Putin rechtfertigt seinen Krieg in der Ukraine damit, dass es sich nicht um ein „echtes“ Land handele und Russland einverleibt werden sollte. Unterdessen behaupten russische Medien, dass ihre Soldaten kämpfen „Neonazis” in der Ukraine. Trotz dieser falschen Behauptungen, die meisten Russen den Krieg unterstützennach unabhängigen Umfragen.
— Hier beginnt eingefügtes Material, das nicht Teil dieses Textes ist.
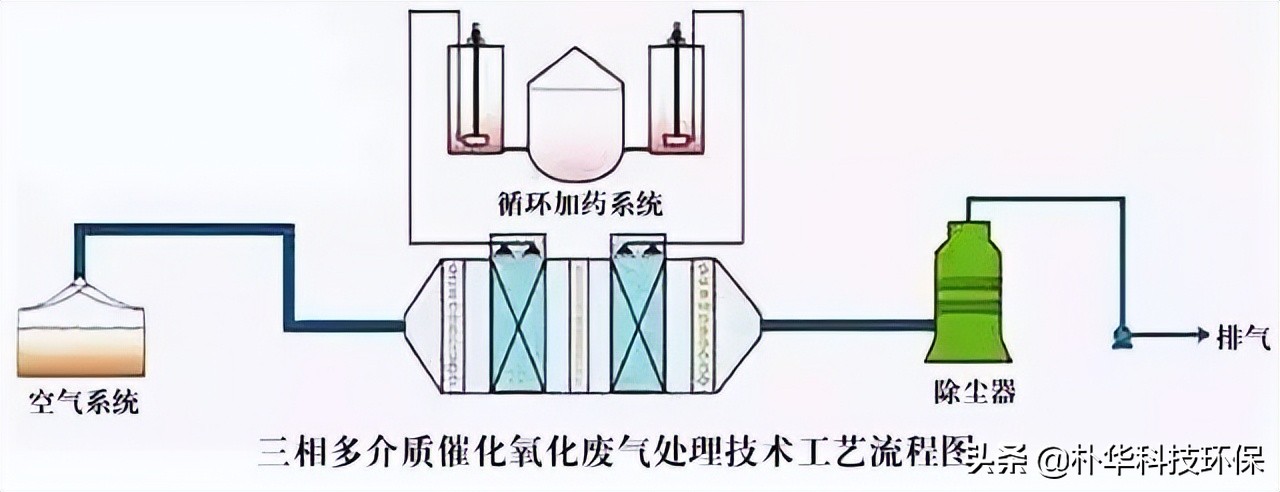 %title插圖%num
Auch haben weder der Irakkrieg noch der Krieg in der Ukraine viel internationale Unterstützung erfahren. Anders als im Fall des von den USA geführten Krieges in Afghanistan nach den Anschlägen vom 11. September ein Mandat vom UN-Sicherheitsrat hatte weder die US-Invasion im Irak noch die russische Invasion in der Ukraine die Unterstützung des UN-Sicherheitsrates.

In dem Museum, das Saddams Verbrechen gegen sein eigenes Volk gewidmet ist, spürt man das Gewicht seiner Brutalität. Die Beseitigung Saddams durch die USA war für viele Iraker ein Grund zum Feiern, aber was folgte, vom Bürgerkrieg bis zum Aufstieg und Fall des IS, hat dem irakischen Volk zusätzliches großes Leid zugefügt.
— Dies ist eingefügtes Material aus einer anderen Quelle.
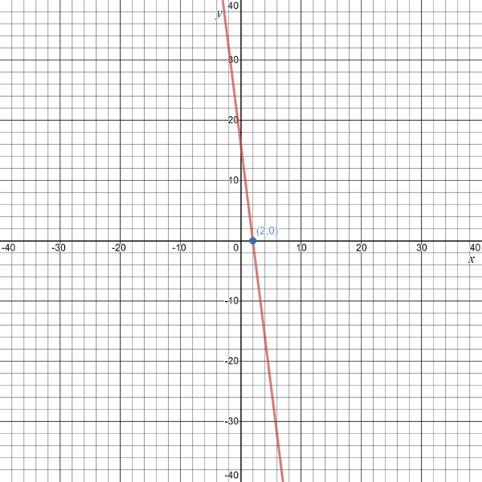 Glencoe Algebra 1, Student Edition, 9780079039897, 0079039898, 2018, Chapter 3, Problem 9PT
Diejenigen, die sagen: „War es das alles wert, Saddam zu stürzen, wenn man bedenkt, was wir über die letzten zwei Jahrzehnte wissen?“, das mag heute den Punkt verfehlen. Der Irak hat eine neue Regierung und sitzt auf der drittgrößte Ölreserven in der Welt. Es soll eines der reichsten Länder des Nahen Ostens sein, doch stattdessen der Krebs endemische Korruption hat die Intuitionen der Regierung zerfressen, und internationale Unternehmen zögern oft, im Irak zu investieren.

Wenn die irakische politische Klasse einen Weg findet, Institutionen zu schaffen, die nicht von Korruption durchdrungen sind, hat der Irak eine Chance, voranzukommen.

Der 2.500 US-Truppen die heute im Irak verbleiben, leisten nicht nur Hilfe für das irakische Militär, sondern geben auch eine politische Erklärung ab, dass die Vereinigten Staaten planen, sich auf absehbare Zeit im Irak zu engagieren – anstatt das Land zu verlassen, wie dies im Sommer 2021 in Afghanistan der Fall war , als alle verbliebenen US-Truppen abgezogen wurden.

Und wir haben gesehen, wie gut das ausgegangen ist.